Tutte doti, queste, che puntualmente si ritrovano in The interpreter, il cui nodo narrativo è dato dall’annuncio di un attentato ascoltato per caso nella grande sala dell’ONU dall’interprete di una rara lingua africana, mentre lo sviluppo drammatico viene giocato su due piani: da una parte, l’inchiesta avviata dai servizi di sicurezza per prevenire ogni possibile incidente e, dall’altra, la nobile condanna di ogni forma politica di colonialismo o di stato dittatoriale.
Temi questi che trovano la propria sintesi nella splendida presenza e nella sempre ottima recitazione di Nicole Kidman, ma che si diramano poi anche attraverso il sapiente gioco attoriale di Sean Penn e il flusso (a lungo andare un po’ stucchevole) dei colpi di scena. Quello che ne sortisce è uno spettacolo “bien fait”, che non tradisce mai chi al cinema va per il piacere di sentirsi raccontare una storia che in qualche modo possa essere accolta anche come un rispecchiamento della realtà, un chiaro e didascalico punto vista sul mondo contemporaneo.

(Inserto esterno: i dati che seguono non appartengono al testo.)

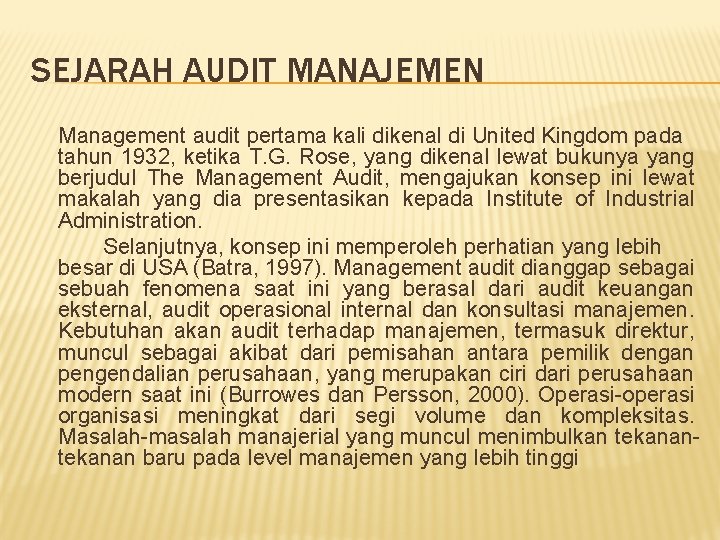 SEJARAH AUDIT MANAJEMEN Management audit pertama kali dikenal di United Kingdom pada tahun 1932,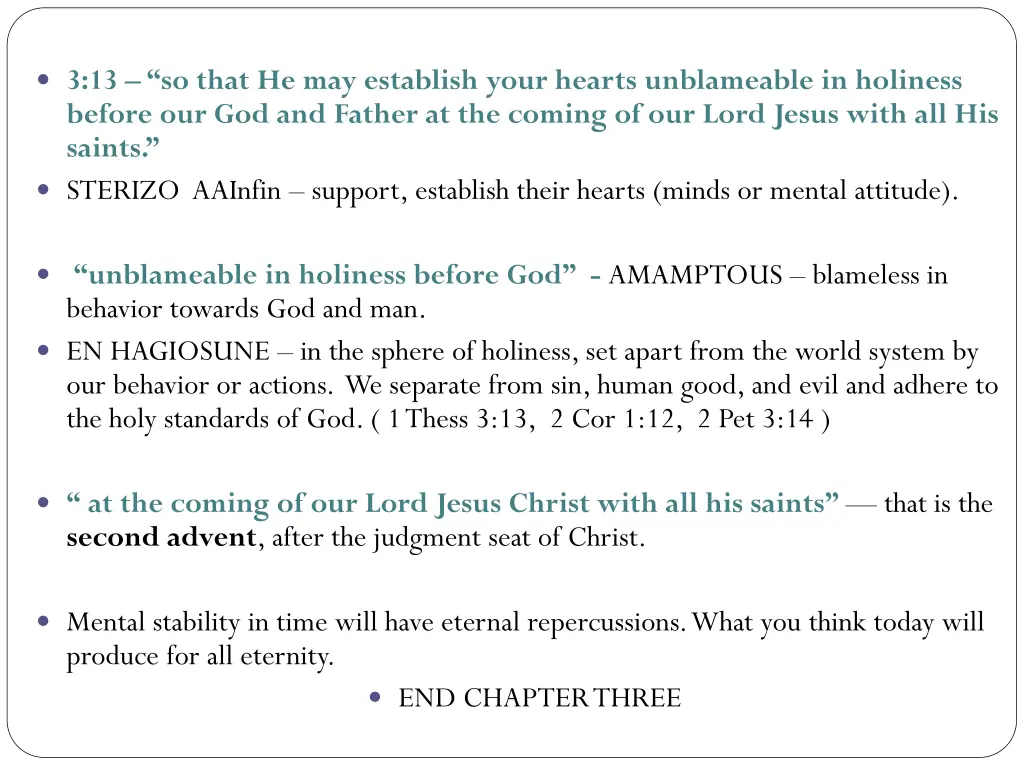 3 13 so that he may establish your hearts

Tutto qua: la forma al servizio del contenuto, e questo che coincide completamente con l’assunto narrativo. In fin dei conti, si esce soddisfatti dal cinema in cui si è visto The interpreter. Ma anche con un certo retrogusto amaro per quello che il film poteva (e forse voleva) essere, riuscendo però solo accennarlo in poche sequenze, senza saperne fare il proprio vero centro drammaturgico. Intendo far riferimento a quel senso di lutto che i due protagonisti del film si portano sempre addosso (per la recente morte dei rispettivi compagni di vita); ma che, invece di diventare immagine interiore di un più ampio lutto storico e sociale (il crollo dei valori morali e la comune colpevolezza di buoni e di cattivi), si accontenta di essere solo un loro connotato privato e di diventare una nuova occasione per Pollack di sdolcinare il racconto con qualche zoom in avanti sui bei volti silenziosi della Kidman e di Sean Penn.
The Interpreter
(USA, 2005)
regia: Sydney Pollack
Soggetto: Martin Stelmann e Brian Ward
Sceneggiatura: Charles Randolph, Scott Frank, Steven Zaillian
Fotografia: Darius Khondij
Musica: James Newton Howard
Scenografia: Jon Hutman
Costumi: Sarah Edwards
Montaggio: William Steinkamp
Interpreti: Nicole Kidman (Silvia Broome), Sean Penn (Tobin Keller), Catherine Keener (Dot Woods), Jesper Christensen (Nils Lud), Yvan Attal (Philippe), Earl Cameron (Zuwanie), George Harris (Kuman-Kuman), Michael Wright (Marcus), Clyde Kusatsu (Lee Wu), Eric Keenleyside (Rory Robb), Hugo Speer (Simon Broome), Maz Jobrani (Mo), Sydney Pollack (Jay Pettigrew).